Un comportamento inedito tra primati
Tutto è iniziato nel 2022, quando Zoë Goldsborough, dottoranda del Max Planck Institute of Animal Behavior, ha individuato in un video un giovane capuccino con in groppa un cucciolo di scimmia urlatrice. Era una scena mai vista prima sull’isola, da anni sorvegliata da fototrappole. Quel primo caso, che vedeva come protagonista un maschio subadulto chiamato “Joker”, ha aperto la strada a un’indagine su un comportamento tanto raro quanto bizzarro.
Una moda sociale in espansione
Dopo una breve interruzione delle osservazioni, le fotocamere hanno documentato altri giovani maschi che imitavano Joker, portando cuccioli di scimmia urlatrice per giorni interi. Si trattava di una vera e propria trasmissione sociale, simile alla diffusione di una moda culturale, un comportamento appreso per imitazione. Durante il trasporto, i capuccini continuavano a usare strumenti per nutrirsi, mentre i cuccioli si aggrappavano al loro corpo.
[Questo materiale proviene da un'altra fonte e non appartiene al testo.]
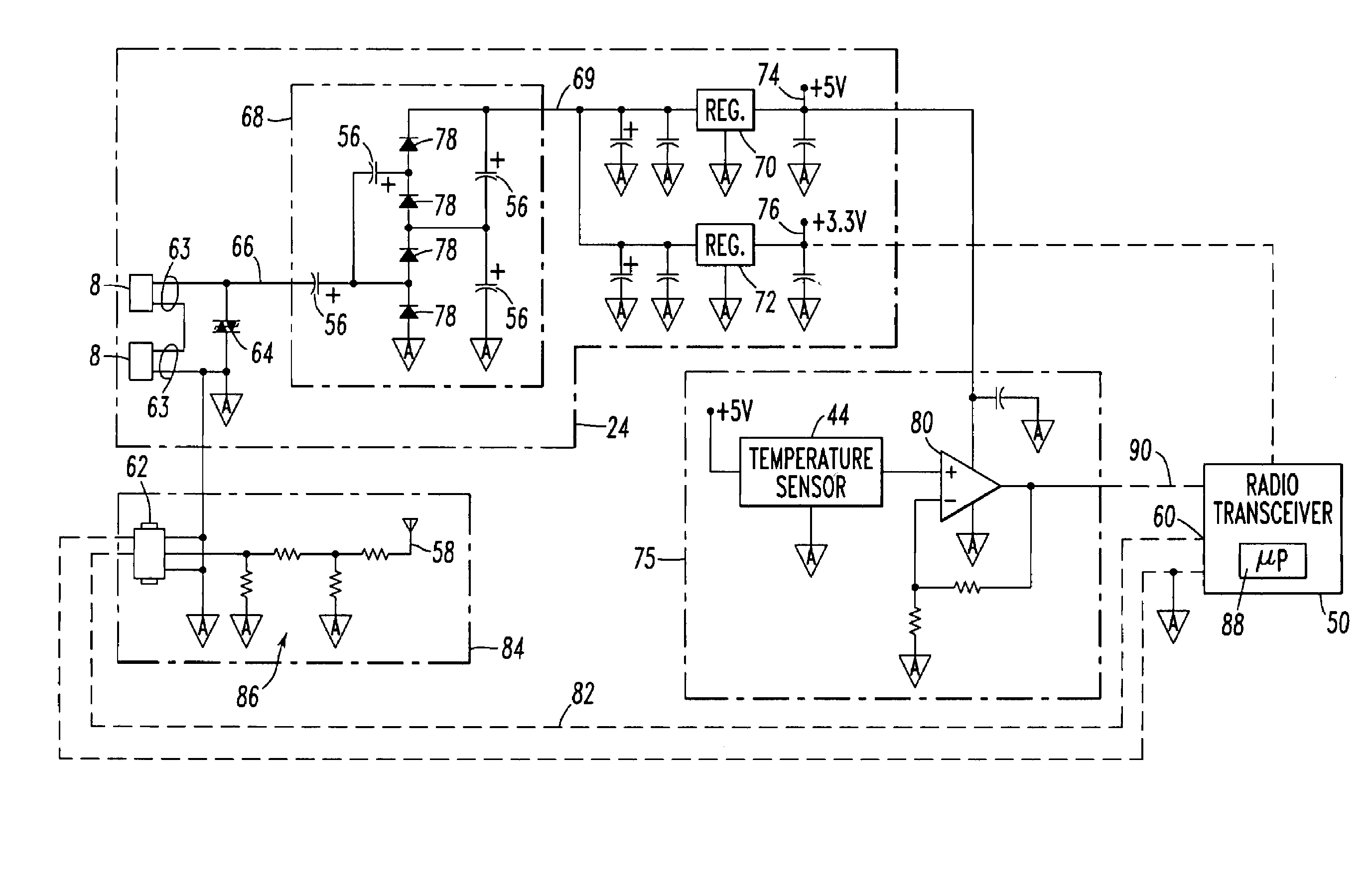 Wireless system for one or more electrical switching apparatus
Comportamenti senza vantaggio apparente
A differenza di altri comportamenti sociali nei primati, questo non sembra portare benefici: non migliora lo status sociale né favorisce l’accoppiamento. Inoltre, è esclusivamente maschile. I cuccioli, privati della madre e del latte, sono spesso morti. Almeno quattro decessi sono stati confermati. Il fenomeno ha quindi un lato oscuro, mettendo in evidenza come la cultura animale possa generare effetti negativi su altre specie.
Una cultura nata dall’ozio?
Gli studiosi ipotizzano che l’assenza di predatori e di pressioni ambientali su Jicarón favorisca lo sviluppo di comportamenti creativi e potenzialmente distruttivi. La noia e l’intelligenza dei capuccini potrebbero aver acceso la miccia di questa bizzarra tradizione. Se il fenomeno dovesse espandersi, potrebbe diventare un problema per la conservazione delle scimmie urlatrici, già vulnerabili. Per questo, i ricercatori continueranno a monitorare con attenzione l’evoluzione di questa sorprendente, e inquietante, storia culturale tra primati.